But it's hard to focus on a revolution when one is in the dark about their parental figures. Whit and Wisty don't even know if their mom and dad are dead or alive, held captive or fighting for freedom. And Whit has it doubly bad as he is fanatical about finding his dead girlfriend, Celia. He continues to hear her whispers and smell her perfume, but she lingers just out of reach. Sometimes Whit and Wisty receive confusing instructions from their missing loved ones, actually suggesting they turn themselves in to the authorities. Could The One have gotten control of them, brainwashing them along with the majority of the population?

Even with The One's powers increasing, he's obsessed with capturing the Allgood siblings and taking their gifts for his own. He will stop at nothing, including deception, torture and murder, to get what he wants. But in all of the darkness, a bit of light may be found, not unlike what occurs during the huge musical festival where Wisty discovers a love of performing on stage. Even during the fun, though, they can't let down their guard. The One has informers and double agents planted, ready to take down the Allgoods at the first opportunity. The children need to remember to trust no one, but sometimes they must do just that in order to survive.

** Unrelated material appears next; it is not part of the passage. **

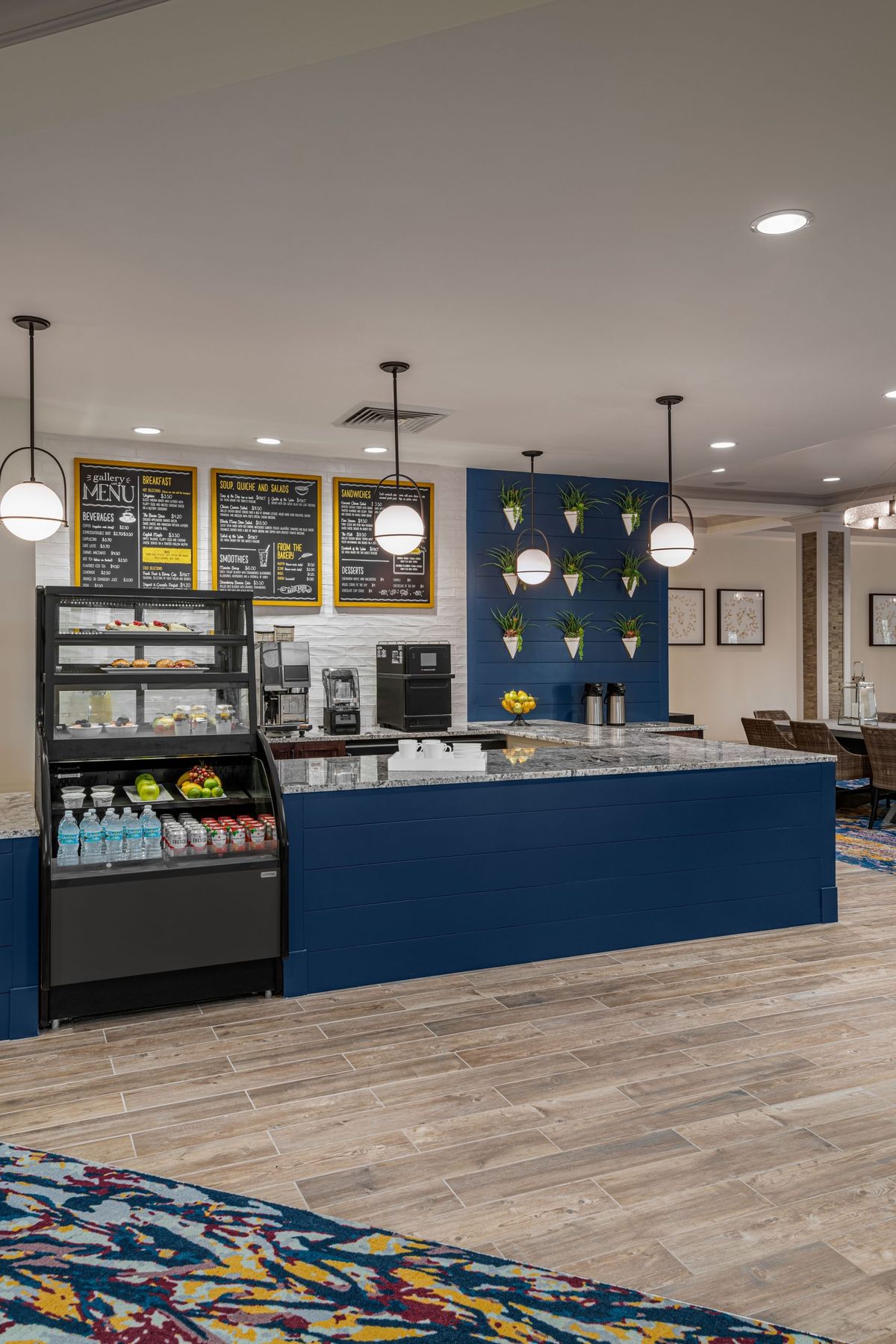 Modern cafe interior with a beverage counter and menu boards.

In this second book of the Witch & Wizard series, James Patterson teams up with Ned Rust to continue the adventures of Whit and Wisty. As in the first installment, THE GIFT surges with fast-paced action and even more cool magical effects. The vivid descriptions and immense imagination fill the pages with color. I very much respect the theme of the importance of creativity, thought, ideas, music, books and art ("If there is one thing I need to teach you, it's never underestimate the power of what you or others create. Music, art, film, writing...there's tremendous energy here. This is life force. Very important."). I also love the line from Whit on smoking ("I look at each smoldering cigar and, one by one, I visualize the rolled brown tobacco inside. Foul stuff. I hate nicotine poison."). The authors work very well together and have come up with the clever distinction of alternating chapters of first person, some through Whit's eyes and others through Wisty's. Fans will be thrilled to know that printed on the last page are the words "TO BE CONTINUED."